I was wondering if someone could please explain the principles of high voltage power and transformers. I understand about electricity but have never really understood much beyond the consumers side. ino a transformer in simple terms is two windings one with more than the other depending if you want a step up or step down transformer, and has sheets of laminated steel which through emf are energised and produce the current on the secondary winding but firstly do power stations supply a neutral to step down transformers or is it simply a line supply? When the neutral from the consumers is sent back to the transformers central point that's connected to ground is this connected to a neutral or does this complete the circuit by being connected to the phase points? any help would be appreciated I'm sure this sounds very stupid to most.

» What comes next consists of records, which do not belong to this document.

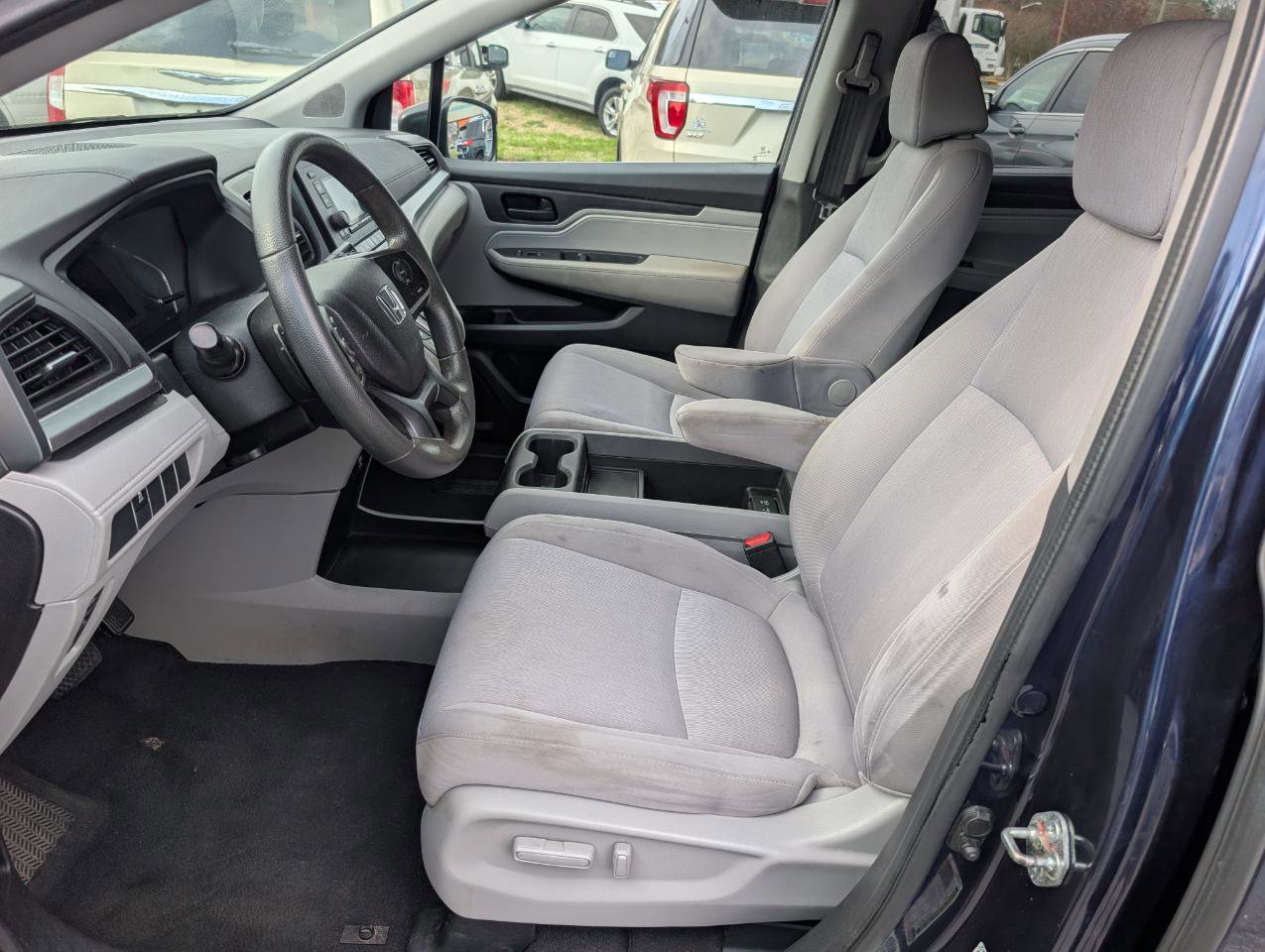 Used 2018 Honda Odyssey LX image 14
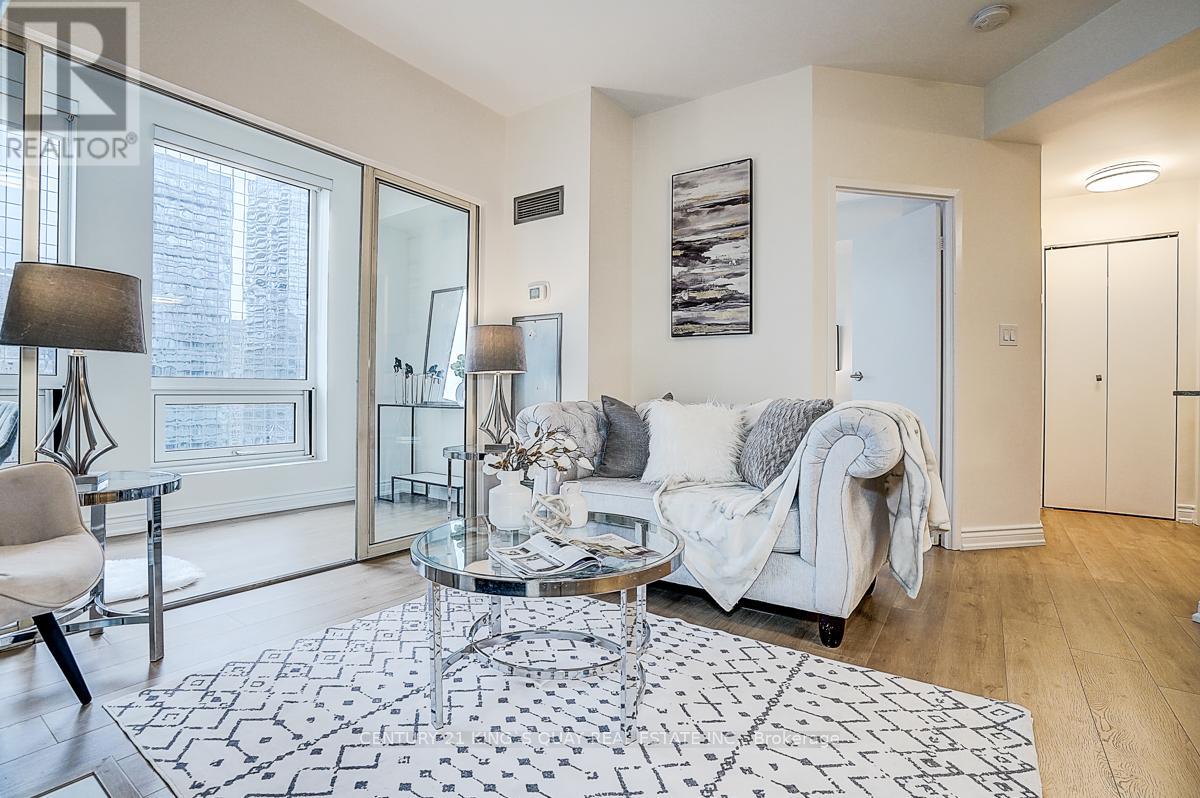 Lph2 - 25 Grenville Street, Toronto, Ontario  M4Y 2X5 - Photo 9 - C12646718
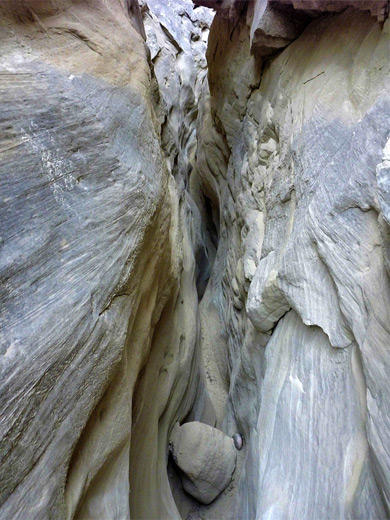 Boulder in a slot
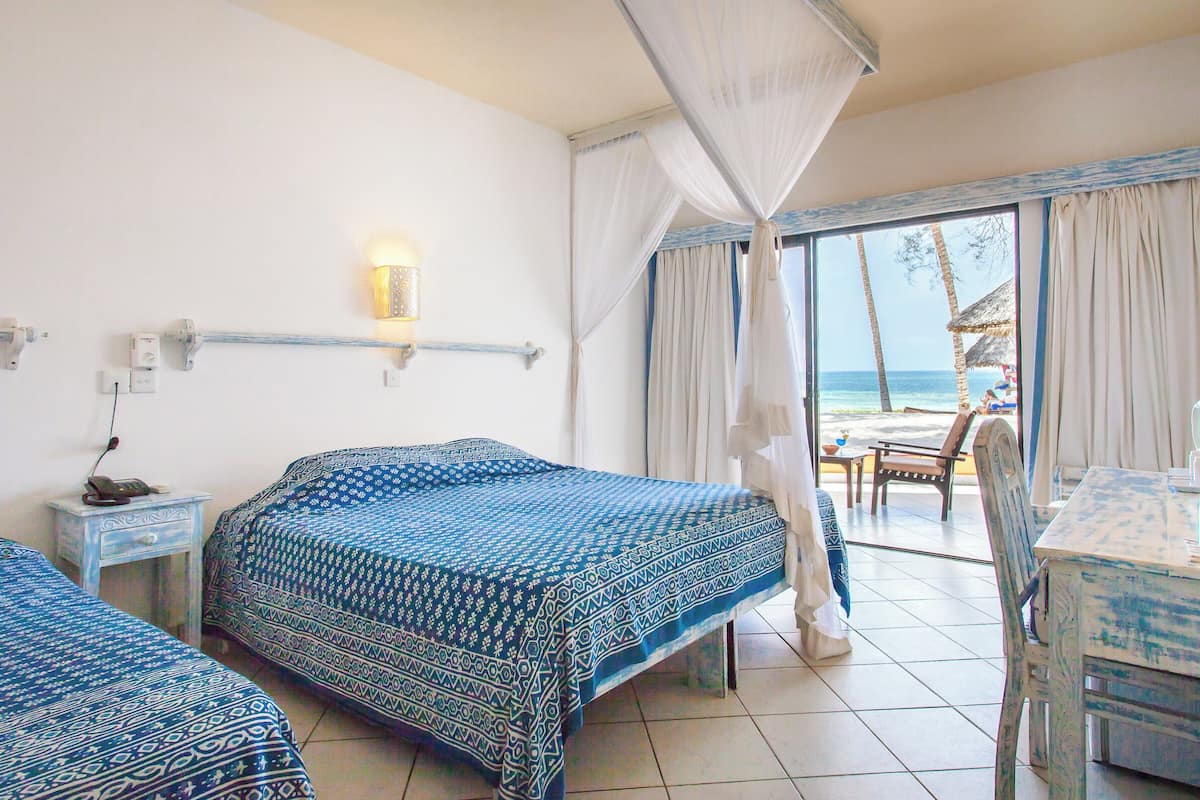 Superior Double Room Single Use | Peti besi dalam bilik, Wi-fi percuma, cadar katil 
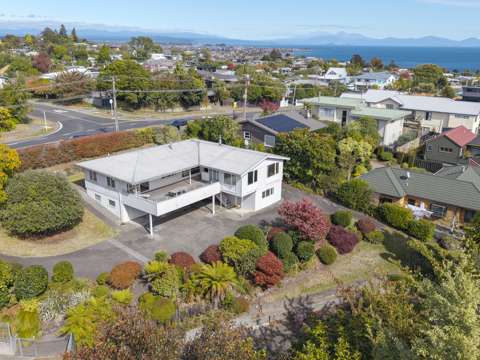 Hilltop 4房  Endless Potential on approx 3,096sqm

Hi Spen In general, transmitting at high voltage means low current so the cables can be much smaller diameter. The neutral only comes into play at the consumers end. Have a look at this link and see if it helps. http://electrical-engineering-portal.com/general-principles-of-electricity-supply-systems Kind regards
Siemens have some very good guides on electrical supply systems,the one below is 372 pages, covers everthing, from low, medium & high supply, switchgear,transformers,protective devices,etc, for some it's heavy reading,& some will find it hard going, but it is very informative, & a favourite of mine. https://w3.siemens.com/powerdistrib...c_power_distribution_technical_principles.pdf
High voltage is used is to overcome transmission losses. Higher voltage, lover current, lower losses. Smaller CSA cables, longer runs. The power station will output in star, having its centre point earthed down to ground, transmitting just the three phases. This will enter a transformer where it is stepped up for transmission on the national grid at 132,000 and 400,000 volt. The input of the transformer will be delta, so no neutral (remember, just three phases transmitted). The output from the transformer will be star, centre point earthed. This is the same throughout the whole distribution, 25,000 > 400,000/250,000/132,000 > 66,000 > 33,000 > 11,000 > 400. The input is always delta, the output star. It has to be a star output to provide the reference to earth. If a line falls, or there's a fault to earth, a return path is in place to operate protection.
thanks for all that very helpful. its not something ive ever had to learn but its something that's interested me but struggled to find the correct links. seem to find a lot to do with usa transmission which is similar but nothing on the uk.
thanks bazza made a great read. it didn't explain what a 11kv ring main unit was for tho is this a common item?
Most substations will have an RMU. It is basically three, three position switches joined together. One switch will isolate just the transformer, one will isolate just one input, the other switch the other input. 11kv distribution is usually run as a ring for redundancy. You can therefore open a switch in two individual RMUs and completely isolate the link between them, while keeping everyone on supply. You can then work on the cable, add new RMUs etc. Each of the three switches have three positions. OPEN, CLOSED, EARTHED. You switch from CLOSED to OPEN on both ends of a cable run, then switch from OPEN to EARTHED on at least one end. This earths all three phases down, making it safer to work on the cable. Getting the sequence wrong results in a huge bang. RMUs can have metering modules added to meter the 11kv connection to the substation, and also have motored switching included to allow remote operation by switches or earth leakage detection etc. There can also be shunt trips which are spring loaded, and a quick pulse of 110v or 24v will cause them to open the output to the substation, commonly used where the DNO supplies a building at 11kv. It provides an emergency stop facility in the private switch room to open the locked DNO RMU in an emergency. The DNO would then have to attend to reset.
aghh yeah ino the ones oddly enough have been working on the ex MOD site in Bradford installing cctv managed to get into the old switch rooms which have all the old switch gear still in and two of these rmds both have been isolated and earthed for maintenance. cant remember what is said but it was something earthed. they both had relays on them and meters. next door where the old oil filled switch gear still in use bloody huge things with solenoid valves to open them and huge earthing pins for isolaton. then next door was a room filled with earth leakage relays and meters. the site has three 11kv supplys as it needed to synchronise atleast two together in order to start the mac 5 wind tunnel. didn't really appreciate it all until now its half the reason why I became interested in understanding it a little more.
Military sites usually have at least two sources of HV, and even then, they treat the grid as their "backup". In times of war or high alert, they will usually utilise their own gensets, the grid acting as their backup.
it has a back up supply from Bedford then its own supply from the station about a 25km run. They used to supply the airfield from there aswell. They still have 7 lv transformer's dotted around the site feeding the large warehouses that used to have separate smaller wind tunnels in and other bits they had dotted around the site. They have one to just to supply the bodyflight tunnel
I wound high voltage transformer windings for 40 years, didn't have a clue about the technicle side. Some of the windings had 10 tons of copper in them.